The data Start Marker

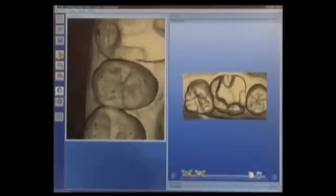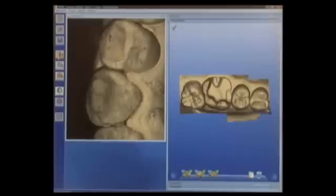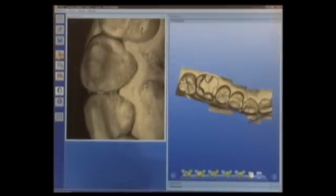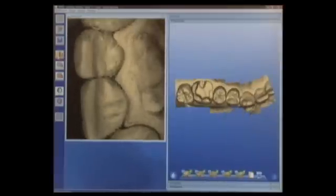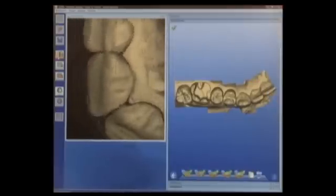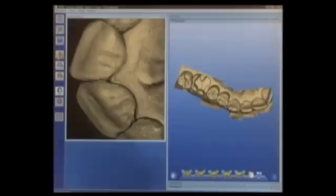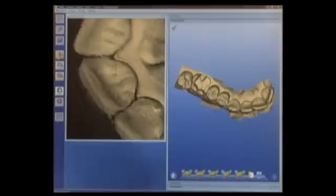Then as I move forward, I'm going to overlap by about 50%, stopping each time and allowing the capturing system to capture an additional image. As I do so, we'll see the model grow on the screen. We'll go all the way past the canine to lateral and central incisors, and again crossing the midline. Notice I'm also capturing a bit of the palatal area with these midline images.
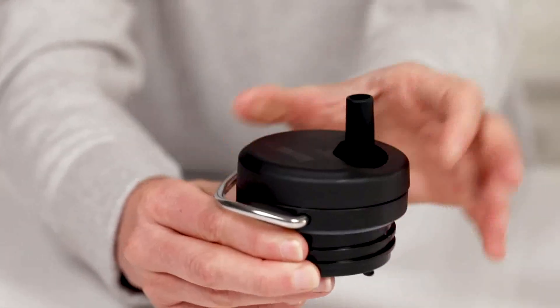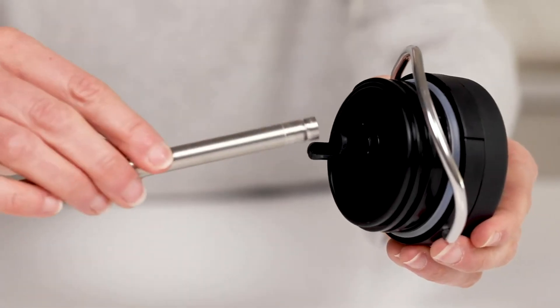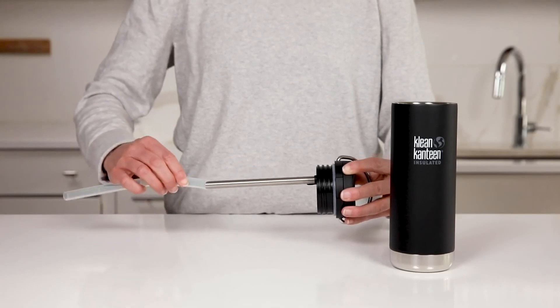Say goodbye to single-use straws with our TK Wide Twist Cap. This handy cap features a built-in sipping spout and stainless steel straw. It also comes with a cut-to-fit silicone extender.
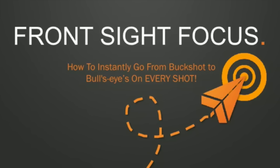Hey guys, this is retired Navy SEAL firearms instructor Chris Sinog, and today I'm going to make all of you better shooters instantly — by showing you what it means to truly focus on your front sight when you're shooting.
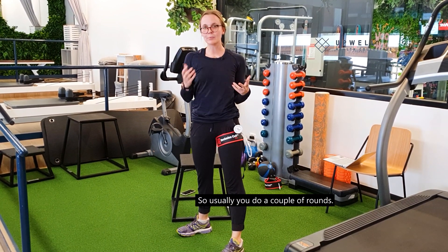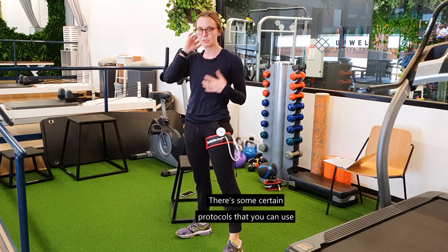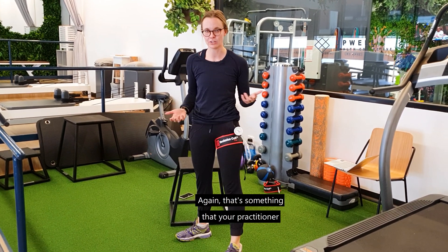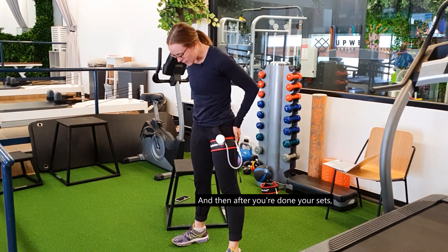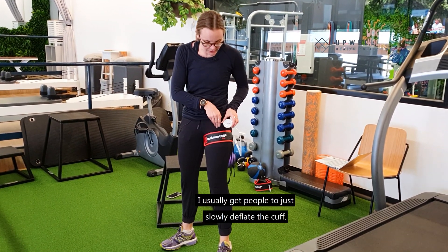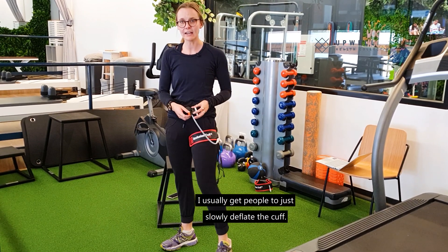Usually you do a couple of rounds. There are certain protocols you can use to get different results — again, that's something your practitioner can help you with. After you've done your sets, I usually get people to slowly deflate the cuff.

The data End Marker

§ Problem description:
Print the material above word for word, first line through the line with "Say goodbye to", and leave every picture out.

§ Response to the task:
Then as I move forward, I'm going to overlap by about 50%, stopping each time and allowing the capturing system to capture an additional image. As I do so, we'll see the model grow on the screen. We'll go all the way past the canine to lateral and central incisors, and again crossing the midline. Notice I'm also capturing a bit of the palatal area with these midline images.
Say goodbye to single-use straws with our TK Wide Twist Cap. This handy cap features a built-in sipping spout and stainless steel straw. It also comes with a cut-to-fit silicone extender.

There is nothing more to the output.